Cherity walked into the house. Chigua greeted her warmly.
“Would you feel like a ride today, Chigua?” asked Cherity.
“Yes, certainly.”
“We need to have a long talk,” said Cherity. “I want to know everything you remember—as a girl, you know, before you were taken away—as much as you can tell me of what it was like back then, what the people were like, before the Trail of Tears, and during it.”
“That was so long ago,” said Chigua. “My memories are distant and faint.”
“I know. But I am hungry to know anything. Your memories may be the only link I have left to my father.”
Chigua saw the look of entreaty on Cherity’s face, then smiled. “Of course,” she said. “I will tell you whatever I can… everything I remember. Where do you want to go?”
“There is only one place where it seems fitting to talk about the old times.”
Chigua nodded. “I’ll meet you up at the stables in… ten minutes?”
“Thank you,” said Cherity. “I’ll go start saddling the horses.”
As Cherity walked back toward the main house, she saw Seth in the distance with Alexander where the two were training a year-old colt with a rope and halter. She hesitated a moment, then turned toward them. It was because of Seth that she knew what little she did of her heritage. If it was possible for her to learn more, she wanted him with her when she did.
The journey from the West had not been difficult in spite of his age. He had never ridden a train before and found the experience exhilarating. He had always been able to blend into his surroundings when he needed to, and he hardly attracted a second look.
Now that he was here, the past rushed back upon him like it was yesterday. He tied his horse in the rear and dismounted. What he had anticipated, he wasn’t sure… that the house would be occupied, even perhaps torn down? But he had not expected it to be so unchanged, in such good repair, so clean. Hardly a chair or table had been moved. Yet inexplicably… the painting above the mantel was now bright and vivid. What could account for it?
But sacred business had brought him here. He must not tarry. He had no idea who might be the rightful owner of the place now. The passage of years and the recent war had surely changed much. Whether he would recognize the young man who had survived that fateful night so long ago was doubtful. But of one thing he was certain—if the young man was still here, and had he not found what was hidden with such care, he would not hesitate to kill to lay his hands upon it now. He had already killed once for it.
But what this traveler had come to do, he would not do in disguise, but in the dress of his people whose legacy he had come here to preserve.
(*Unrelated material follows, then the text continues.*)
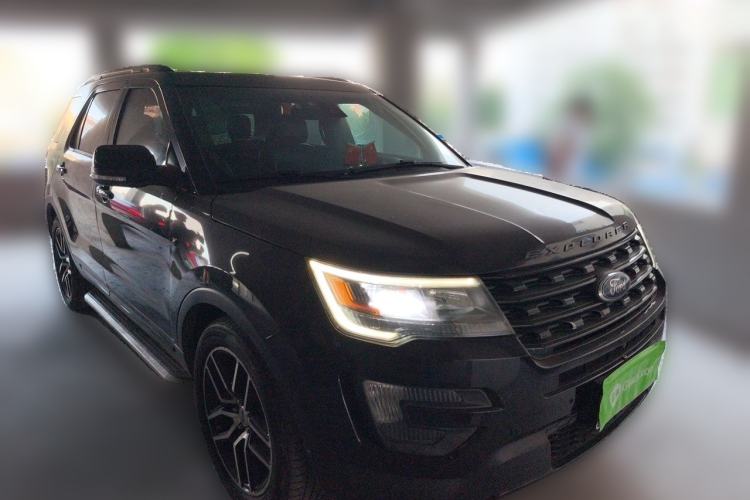 Used Ford Explorer 2016 3.5T Sport Edition Front Right 45 Deg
Dangerous though this final earthly mission might be, he would not let fear rule his steps.
He opened the carpetbag which contained his few earthly possessions of value, then slowly unbuttoned and removed the white man’s shirt from his chest.
As Cherity and Chigua and Seth rode up in front of the familiar house and dismounted, they had no inkling that they were not alone. They had not spoken much on the ride into the hills from Greenwood. Both Chigua and Seth sensed the solemnity of Cherity’s mood.
Cherity sat a moment longer in the saddle than the others, looking about quietly, almost reverently, then climbed to the ground, tied Cadence’s reins to the hitching rail, and slowly walked toward the door. Seth and Chigua followed.
Seventy-Six
Cherity stopped in her tracks before she had taken three steps inside, Seth at her side, Chigua just behind.
The unexpected stranger turned to face them. Their eyes met momentarily. He revealed nothing by his expression, only glancing down momentarily at Cherity’s hand and the ring that glistened on her finger. He then looked back and forth between the three, his eyes—indeed, his entire expression—full of mystery. His gaze penetrated their very depths. As they became accustomed to the thin light inside the house, they were able to observe his features.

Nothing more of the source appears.